[INSTRUCTIONS FOR THE TASK]:
Please output, without any change, the lines of the material below from the very first through the one with "Observed versus simulated".
_ _ _
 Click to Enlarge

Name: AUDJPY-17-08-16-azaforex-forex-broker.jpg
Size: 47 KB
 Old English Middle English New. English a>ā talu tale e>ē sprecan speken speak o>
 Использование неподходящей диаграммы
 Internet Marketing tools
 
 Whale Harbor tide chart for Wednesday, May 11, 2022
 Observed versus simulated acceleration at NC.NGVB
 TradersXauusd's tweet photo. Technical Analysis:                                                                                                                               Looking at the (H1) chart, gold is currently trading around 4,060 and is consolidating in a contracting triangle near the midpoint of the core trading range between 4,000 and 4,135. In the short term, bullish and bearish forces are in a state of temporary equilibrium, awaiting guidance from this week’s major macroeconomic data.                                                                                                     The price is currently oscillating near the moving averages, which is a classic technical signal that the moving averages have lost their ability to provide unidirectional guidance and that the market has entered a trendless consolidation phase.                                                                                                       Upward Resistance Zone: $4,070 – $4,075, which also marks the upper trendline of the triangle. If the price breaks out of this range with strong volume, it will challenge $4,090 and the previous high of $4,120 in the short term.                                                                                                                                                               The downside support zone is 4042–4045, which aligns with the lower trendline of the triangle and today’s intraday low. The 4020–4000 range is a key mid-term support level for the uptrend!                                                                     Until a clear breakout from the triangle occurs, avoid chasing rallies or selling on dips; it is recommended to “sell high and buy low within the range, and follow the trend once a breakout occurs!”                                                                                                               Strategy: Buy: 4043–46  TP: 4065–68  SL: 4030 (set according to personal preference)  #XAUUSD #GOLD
_ _ _
[YOUR RESPONSE]:
 Click to Enlarge

Name: AUDJPY-17-08-16-azaforex-forex-broker.jpg
Size: 47 KB
 Old English Middle English New. English a>ā talu tale e>ē sprecan speken speak o>
 Использование неподходящей диаграммы
 Internet Marketing tools
 
 Whale Harbor tide chart for Wednesday, May 11, 2022
 Observed versus simulated acceleration at NC.NGVB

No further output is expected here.